Ingredients
The following ingredients have 6 Servings
- 2 medium carrots
- 2 celery sticks
- 1 medium potato
- 2 tablespoons olive oil (divided)
- 1 lb beef meatballs
- 2-3 garlic cloves (pressed)
- 32 oz 1L low sodium beef broth
- 2 cups 480ml water
- 1 dried bay leaf
- A few sprigs of thyme
- 1 teaspoon salt
- ½ teaspoon black pepper
- 2 small zucchinis
- 1 tablespoon chopped parsley (optional)
- • Vegetable Spiralizer
Instruction
- Dice the carrots, celery and potato.
- In a Dutch oven, heat 1 tablespoon of olive oil over medium high heat. Add the meatballs and brown on all sides. (It doesn’t have to be completely cooked at this point.) Remove into a plate.
- In the same Dutch oven, heat the remaining 1 tablespoon of olive oil. Add garlic, carrots and celery and sauté for 2 minutes, stirring occasionally .
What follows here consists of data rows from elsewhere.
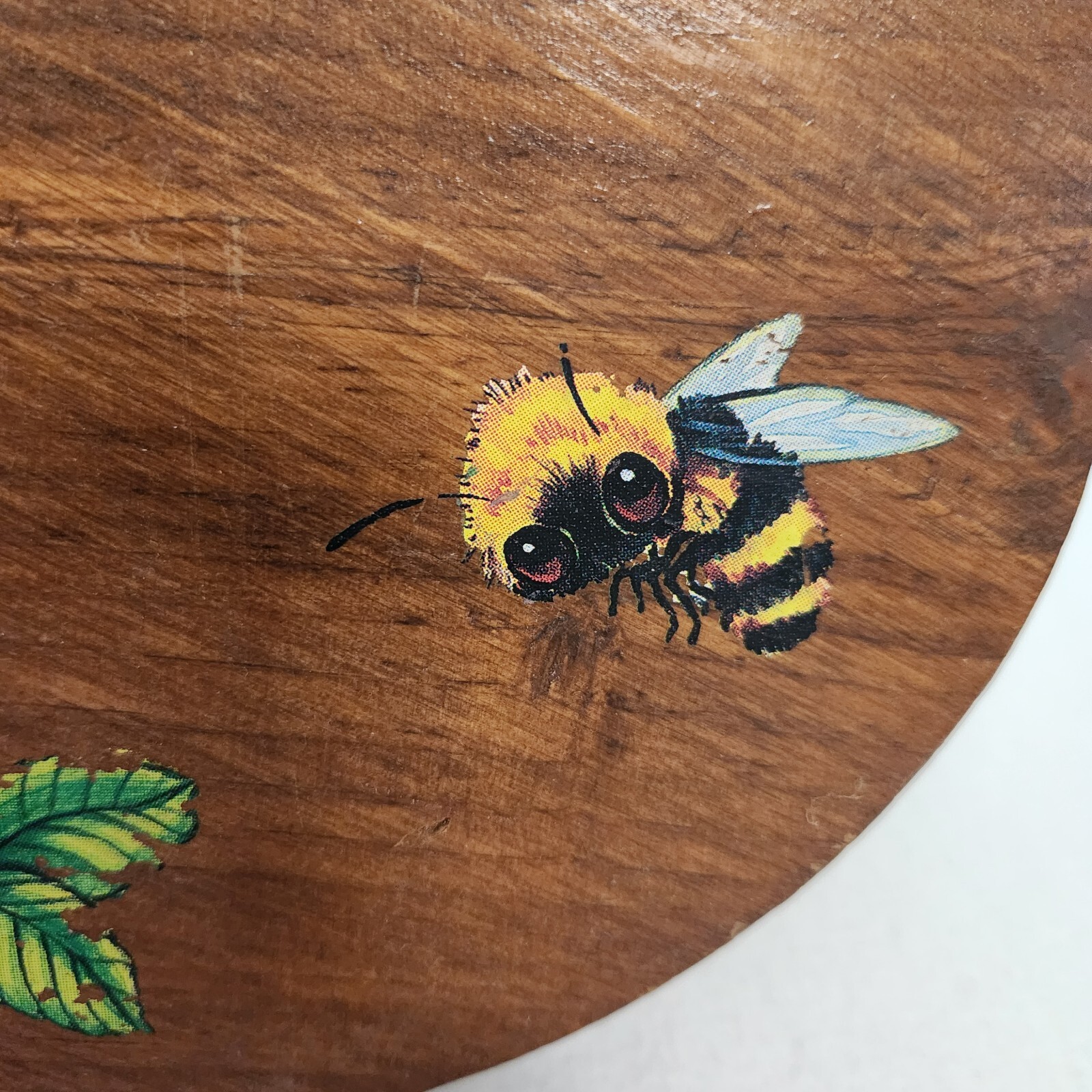 Vintage Oval Wooden Child's Decoupaged Stool Honey Bees READING PLAY TEA PARTY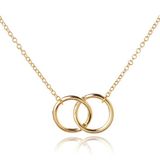 LGT JWLS Hippe dames ketting Dubbele Cirkel Goudkleurig 45cm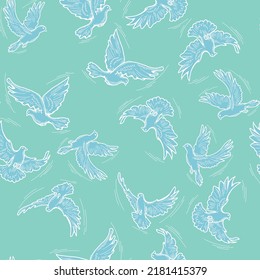 Peace and love pattern with dove bird symbol of world peace. Background, packing paper, wallpaper, textile print, fabric design. Hand drawn illustration. Cartoon line art vector drawing.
- Add potato, beef broth, water, bay leaf, thyme, salt and pepper. Bring it to a boil. Reduce the heat to medium and simmer for 10-15 minutes, or until the vegetables are tender.
- Meanwhile, spiralize the zucchini into noodles.
- Add meatballs and continue to cook until they are cooked through. Then add and zucchini and cook until zucchini is softened, no longer than 5 minute. Remove bay leaf and thyme sprigs. If desired, throw in some chopped parsley. Serve immediately.